[Items from a dataset]
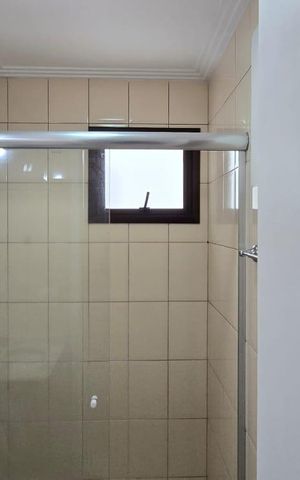 Apartamento para alugar com 64m², 3 quartos e 1 vagaBanheiro da Suíte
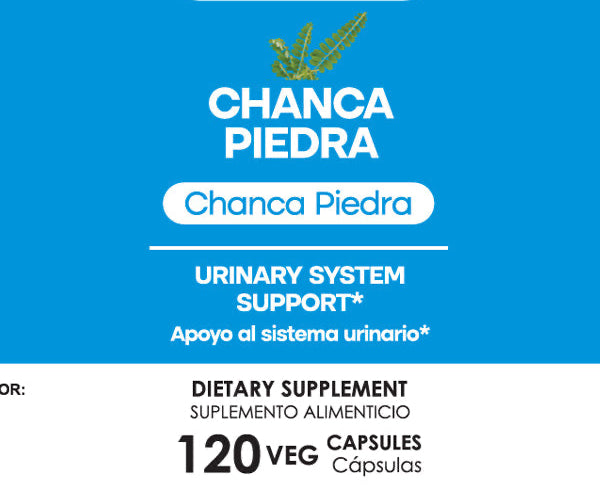 Piedra Chanca Suplemento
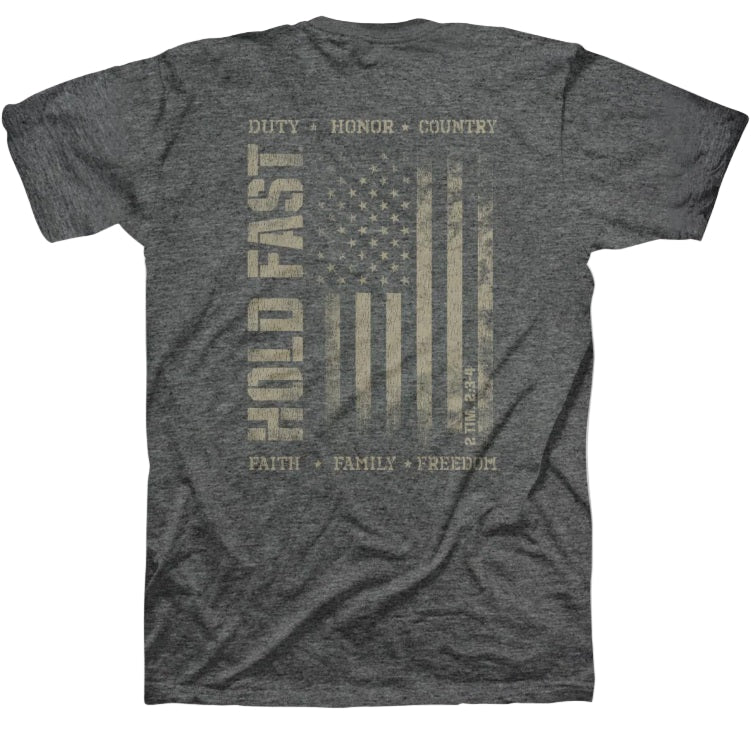 Kerusso HOLD FAST Men's Duty & Honor T-Shirt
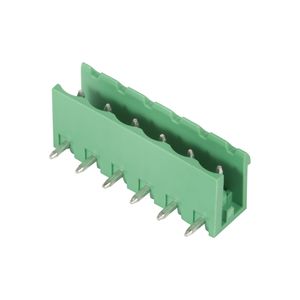 5.08mm Pitch PCB Terminal Blocks Green 02-24pin Pluggable Screw Terminal Connector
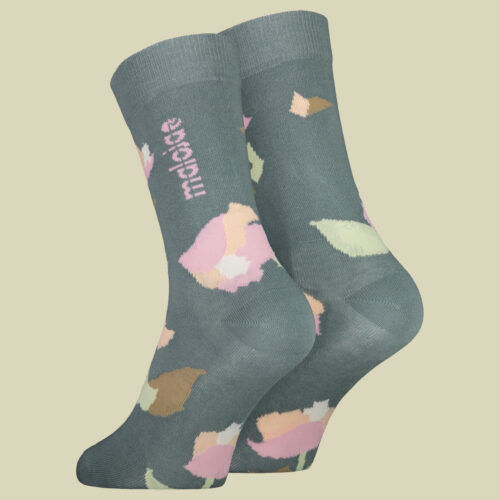 VintlM. Socks Women 36-38 grau - Farbe sage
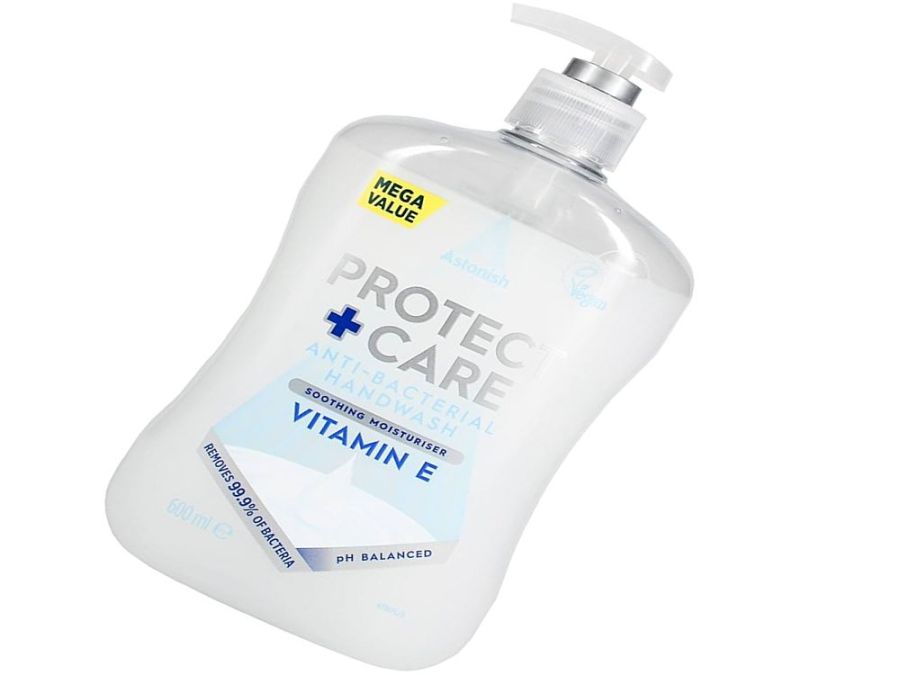 Astonish protect & care handwash (600ml)**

| THE TASK |
One exact copy of the data is required, and it should hold no pictures.

| COMPLETED TASK |
 Apartamento para alugar com 64m², 3 quartos e 1 vagaBanheiro da Suíte
 Piedra Chanca Suplemento
 Kerusso HOLD FAST Men's Duty & Honor T-Shirt
 5.08mm Pitch PCB Terminal Blocks Green 02-24pin Pluggable Screw Terminal Connector
 VintlM. Socks Women 36-38 grau - Farbe sage
 Astonish protect & care handwash (600ml)**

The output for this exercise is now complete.